Step 1
Point A shorted - LED OFF
Point A floating - LED ON
That's a pass, good so far.
Step 2
Point B shorted - LED OFF
Point B floating - LED ON
That's a pass, so still good.
If I then do step 3 with the regulator and power pack, I get these results
Point B shorted - LED ON (the LED seems to blink a little)
Point B floating - LED ON
That is a fail and we are now identifying what the problem may be.
The power supply or circuitry appears to bring some sort of issue which causes the PICAXE on-chip comparator to activate when it should not. This is why we are doing it a step at a time to see where things stop behaving as expected.
The question now is; why is the power supply causing problems ?
Rossko77 is correct that the circuit should have a 100nF (0.1uF) cap across the PICAXE supply and there may be other capacitors required around the regulator.
It is probably time to detail all the parts of your power supply, all components including the wallwart / plug-in module; what is that rated at, voltage, current, AC or DC ?
NOTE: If I change the 100k resistor to a 22k resistor then I get these results
Point B shorted - LED OFF
Point B floating - LED ON
There are three possibilities as I see it; noise or ripple being introduced at Pin 4 which is taking the on-chip comparator above its activation point, or noise and ripple being introduced on +V or inside the PICAXE which is causing the on-chip comparator to activate, or a combination of both.
I would at this point normally recommend using a scope to see exactly what the signals are doing; on PICAXE +V, at the 100K to 47K junction, and at pin 4 of the PICAXE.
I am betting you don't however have a scope, so, before simply throwing capacitors at the problem, tweaking resistors, or making guesses as to how we can best fix things we need that full circuit diagram of the power supply.
While reducing the 100K seems to solve the problem that feels to me to be simply masking whatever fundamental issue there is. My test setup works as expected with a 470K pull down so it is intriguing why your setup does not work with 100K. While we can probably bash it into shape and make it work it would, to me, make sense to understand why it does not work.

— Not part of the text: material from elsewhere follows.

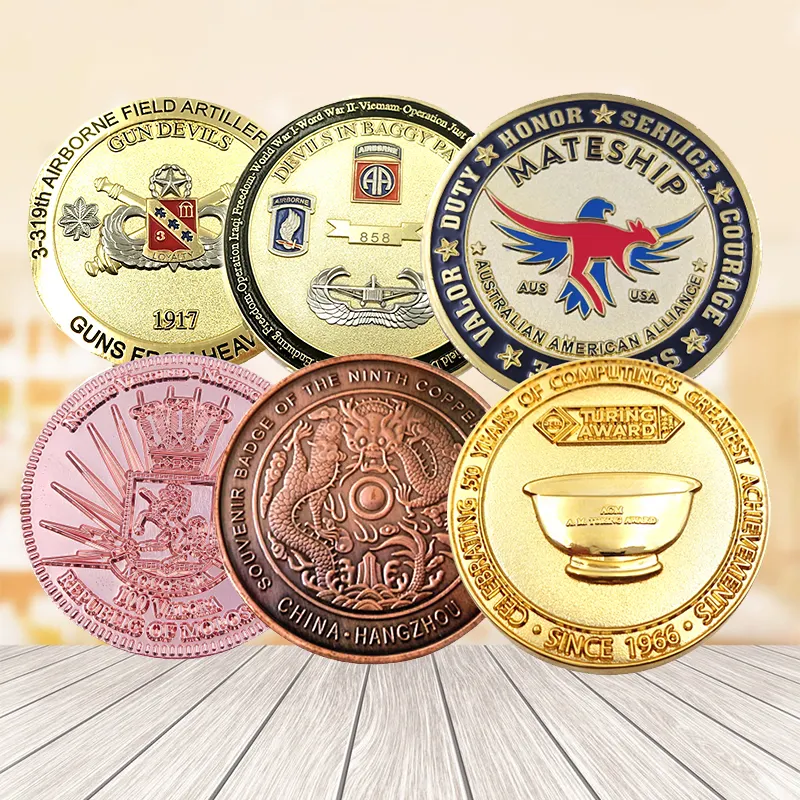 Moneda de diseño ersonalizado de oro antiguo, plata y cobre, monedas de desafío de metal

With 100K plus 47K I can activate the LED by touching the sheaved wire between the 47K and pin 4 or the join between the 47K and 100K so perhaps the resistors are simply too high value, that they are prone to induced pick-up and it is simply that I don't have such induced pick-up.
A 100nF capacitor across pin 4 and 0V seems to overcome activation when the sheaved wire from 47K to Pin 4 is touched ( though not when the bare 47K/100K join is touched ) so perhaps that is a fix worth trying.